## Exercise directions
Given the material below, output exactly the lines from the line with "Ocean blue racing" to the line with "Durio Girls Ruffle", both ends included, and no other lines.
※ ※ ※
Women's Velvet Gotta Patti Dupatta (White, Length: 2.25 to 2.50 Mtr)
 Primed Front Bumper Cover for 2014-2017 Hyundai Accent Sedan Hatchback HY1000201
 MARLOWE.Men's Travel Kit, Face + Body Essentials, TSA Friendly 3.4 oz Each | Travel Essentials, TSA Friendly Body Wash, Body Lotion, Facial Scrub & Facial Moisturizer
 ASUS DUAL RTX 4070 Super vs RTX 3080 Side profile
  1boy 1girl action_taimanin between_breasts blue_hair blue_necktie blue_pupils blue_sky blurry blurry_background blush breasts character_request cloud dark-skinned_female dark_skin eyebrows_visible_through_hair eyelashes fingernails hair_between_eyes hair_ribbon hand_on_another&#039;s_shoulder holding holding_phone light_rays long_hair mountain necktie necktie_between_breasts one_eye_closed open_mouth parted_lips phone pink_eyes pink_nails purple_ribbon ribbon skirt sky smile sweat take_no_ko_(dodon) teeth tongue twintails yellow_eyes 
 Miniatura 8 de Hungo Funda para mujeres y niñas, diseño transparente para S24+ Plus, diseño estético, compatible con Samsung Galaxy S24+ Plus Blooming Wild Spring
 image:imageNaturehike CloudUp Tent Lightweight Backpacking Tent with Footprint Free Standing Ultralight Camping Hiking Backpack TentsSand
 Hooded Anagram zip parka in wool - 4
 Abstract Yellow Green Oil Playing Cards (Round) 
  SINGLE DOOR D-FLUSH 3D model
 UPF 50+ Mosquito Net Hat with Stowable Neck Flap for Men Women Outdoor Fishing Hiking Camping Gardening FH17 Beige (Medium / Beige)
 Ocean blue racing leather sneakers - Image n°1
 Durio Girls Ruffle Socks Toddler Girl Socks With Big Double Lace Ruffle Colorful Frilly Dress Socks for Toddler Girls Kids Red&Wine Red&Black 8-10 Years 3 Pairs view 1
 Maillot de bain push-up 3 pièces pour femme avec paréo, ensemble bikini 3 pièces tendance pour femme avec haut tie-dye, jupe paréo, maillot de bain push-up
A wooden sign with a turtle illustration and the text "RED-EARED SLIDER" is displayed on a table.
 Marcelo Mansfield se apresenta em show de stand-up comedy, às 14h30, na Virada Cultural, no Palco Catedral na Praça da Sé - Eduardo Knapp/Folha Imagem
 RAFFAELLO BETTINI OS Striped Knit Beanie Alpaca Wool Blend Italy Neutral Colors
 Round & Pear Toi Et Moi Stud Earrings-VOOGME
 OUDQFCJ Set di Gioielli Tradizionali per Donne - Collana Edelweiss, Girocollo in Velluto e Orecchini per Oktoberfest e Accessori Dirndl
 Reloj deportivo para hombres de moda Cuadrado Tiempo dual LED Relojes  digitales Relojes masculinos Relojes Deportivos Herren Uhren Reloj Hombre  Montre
※ ※ ※
## Your solution
 Ocean blue racing leather sneakers - Image n°1
 Durio Girls Ruffle Socks Toddler Girl Socks With Big Double Lace Ruffle Colorful Frilly Dress Socks for Toddler Girls Kids Red&Wine Red&Black 8-10 Years 3 Pairs view 1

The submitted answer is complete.